August 08, 2010

Coasting...

 2009 - GUYED - mixed media 48x54

So there we were, driving south on the Interstate... and my phone rings. A gallery call announcing that a painting had just sold. I think it surprised him even more than me, considering the way things are going these days.

Back story: A woman in Kentucky had seen this painting (above) either in my (now defunct) Memphis gallery or on their website. The site stayed up for awhile after they closed and she emailed me about the availability of the piece. I gave her a link and assured her the gallery that now had the painting would be happy to help her... as far as I know at this point it could be just another scam or whatever.

So the point here isn't that, whoopee! I made a nice big sale... or even: okay, things could be worse. No one I know is admitting to business as usual... it's tough out there! Any sale is much appreciated, especially when there are materials to buy, art trips you want to take, life to live... one's usual contributions to keeping the economy alive.

I guess the point is how much we take for granted when we are coasting... hardly realizing that we're gradually slowing down. First this gallery closes, then that one... and those still open are strangely quiet. I'm not sure what to do about it. I can see where I've dropped the ball in creative marketing... haven't kept up with collectors, should be doing newsletters, etc... that was supposed to be gallery responsibility, not mine.

When the economy tanked I thought to myself... okay, this is the way my career shuts down. Not my fault. But I had pretty good momentum and the last couple of years didn't really seem to affect my bottom line... until now. Even the surprise sale seems to carry an air of foreboding since it bounced off of a gallery site that had already closed it's doors.

8 comments:

Anonymous said...

Don't know what to say abut this one other than I'm in the same boat.
I'm relying on the cycle going back up and wish it would hurry up.

Karen Jacobs said...

I feel like I'm not doing enough... need to be pro-active!

Cathy Hegman said...

I feel your pain...I am over the top when I sell a piece these days...it is getting harder and harder and fewer and much farther between...I am tickled pink you sold one and it is a really nice painting too!

Karen Jacobs said...

What I failed to mention was that the sale happened about six weeks ago... and judging from all the congratulatory comments on FB, yes, I should be riding high, not whining about loss of momentum. When you throw in the age factor (oh, no!) one does begin to wonder what is an appropriate way to accept the inevitable loss of motivation... the grasp of "retirement" and all that goes with it. Fodder for another post, perhaps. Will think on it.

Kesha Bruce said...

I've been talking about this with alot of other artists lately. The way I see it, the biggest danger in relying too much on the gallery system is what happens when the gallery goes belly up?
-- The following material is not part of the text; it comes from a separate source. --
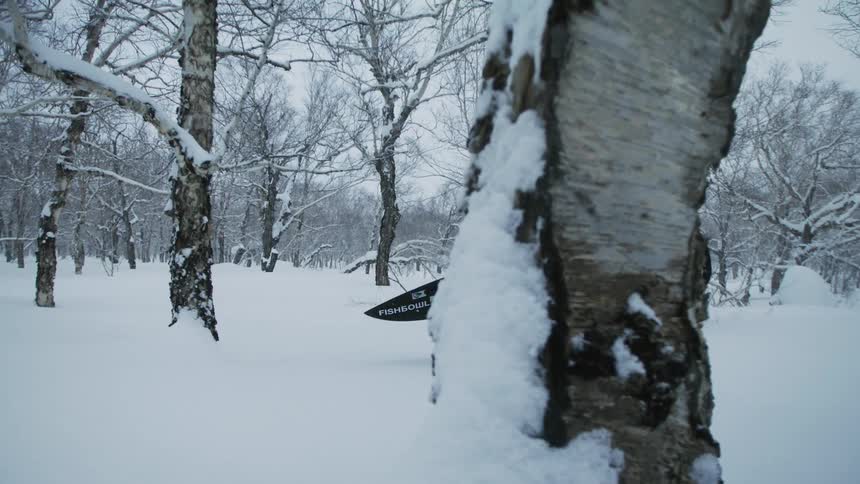 Two people carrying boards are walking in a completely snowy environment on the ground and there are some trees around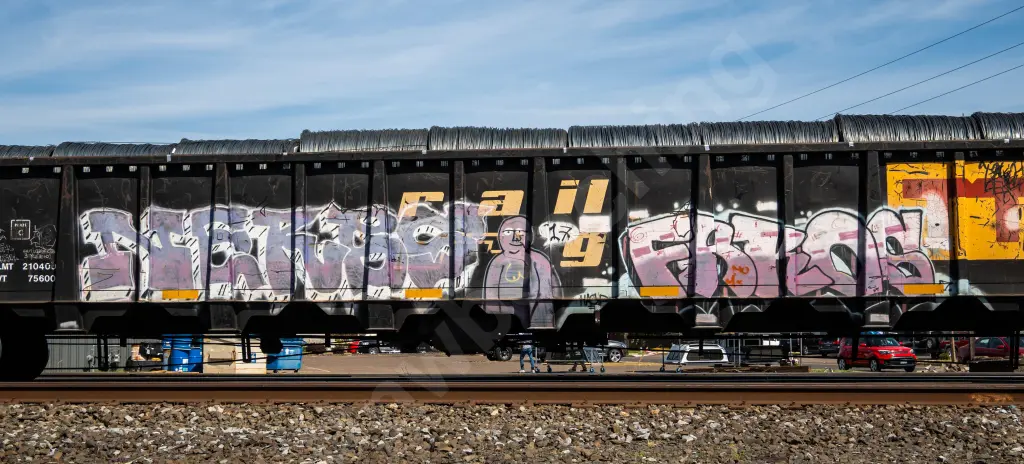 GNTX295990 - NORTH-AMERICA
I think it's better if we artists have our own systems in place on a regular basis to keep and grow our collector base. Otherwise we're always working from a reactive business model where we feel like we're "chasing" the money.

Karen Jacobs said...

Kesha, you are spot on! I can see clearly now how important it is to put more weight on being in control of your business and not just an adjunct to a gallery's business. Oh, how happy we are to "be accepted!" So we agree to not promote our work within their designated range. I never bothered to ask for names of clients who bought... maybe I got a Corporate name passed along for my list of collectors but no contact person. My bad! I was being the good stable artist, not making waves. My very, very bad!

Nancy Natale said...

I think this situation has to affect production - if the product isn't moving, the inventory backs up. Then what? How slowly can I paint? How often can I not go to the studio? Should I keep making this stuff that no one wants? It's pretty discouraging but I'm thinking maybe miniatures so I can keep stockpiling without running out of space as fast. Yes, I'm kidding, but the thought has to enter your mind that you're spinning your wheels here and something's gotta give. (by "you" I mean "I" of course)

Karen Jacobs said...

Nancy, I think it's the self doubt that does the most damage. I swear, my work is all over the place this summer. I'm painting like a drunken sailor trying to second guess what people will want, like... my body of work looks like a group show as I have next to no confidence in what I'm doing. This is not fun!